What is being asked
Give the data below again exactly as written, but without the pictures.

The data

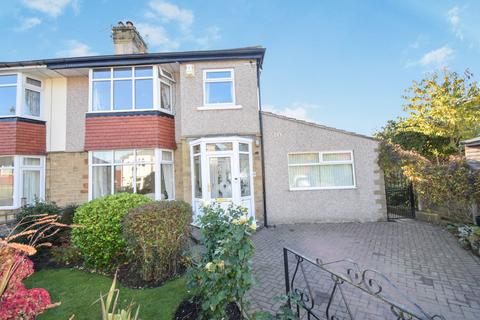 3 bedroom semi-detached house for sale, Fairway, Bradford BD18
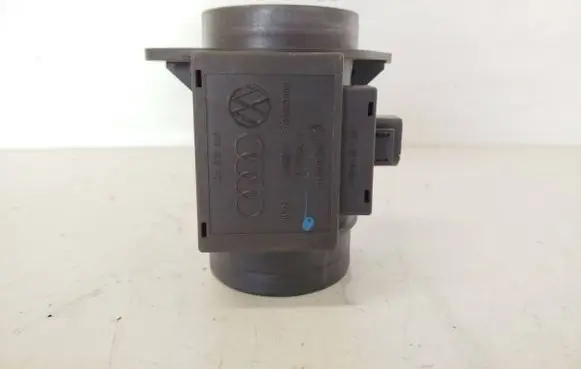 Audi A6 S6 C5 4B Mass air flow meter 074906461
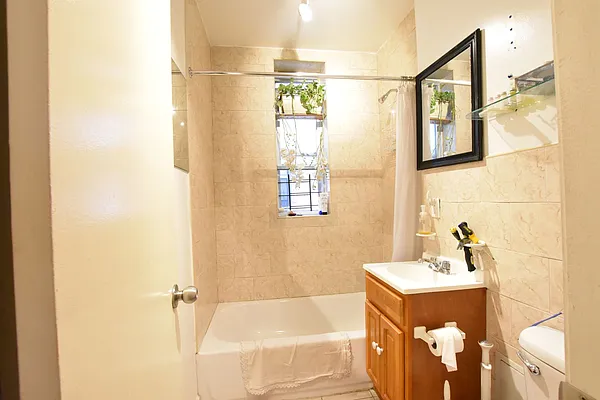 Rented by Clove Realty LLC | media 23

Output of the task
 3 bedroom semi-detached house for sale, Fairway, Bradford BD18
 Audi A6 S6 C5 4B Mass air flow meter 074906461
 Rented by Clove Realty LLC | media 23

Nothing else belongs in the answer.